Talk about ‘betting on the weather rather than banking on the climate’ (we paraphrase the late great – Jean Paul Getty, founder of Getty Oil).

Central Banks have, for the first time in the history, managed to surgically detach the performance of the financial markets from their underlying economies. In this surreal World, all bets are off as to what will happen eventually and when, but we have been consistent and on target in predicting that sustainable economic recovery was not possible with just financial and monetary easing without structural reforms, regardless of how much, and for how long the ‘easing’ lasts. And that is been proven true to-date. The Federal Reserve and most other major Central Banks continue to talk about further quantitative and/or monetary ‘easing’ required, after all these years, and to listen to them - for possibly many more years to come. 
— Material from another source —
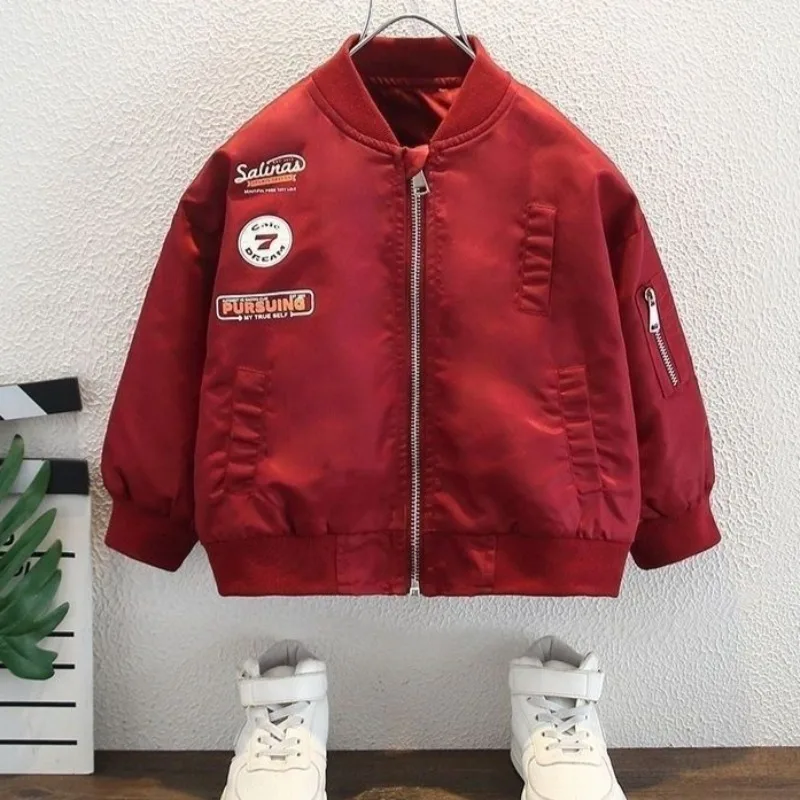 2025 New Boys Autumn Jacket Cartoon Standing Collar Baseball Jacket Trendy Kids Coats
In this upside down economic World, negative economic news is cause for celebration in stock markets and for financial players around the World. They continue to get easy and cheap money to make more silly money, and there is no need to create real value through traditional economic activity, and hence they feel like modern day geniuses. In the meantime, the beleaguered public continues to wait for crumbs from the feasting table, but what they will probably get is the more likely scenario – another excess and speculation fuelled domino-like global asset market collapse, and more years to practice ‘patience and meekness’ to eventually, sometime in the future, inherit the earth. In the meantime, it may be helpful to start practicing Zen meditation to cultivate ‘detachment’, as the near term global economic future looks to be painful for the 99%.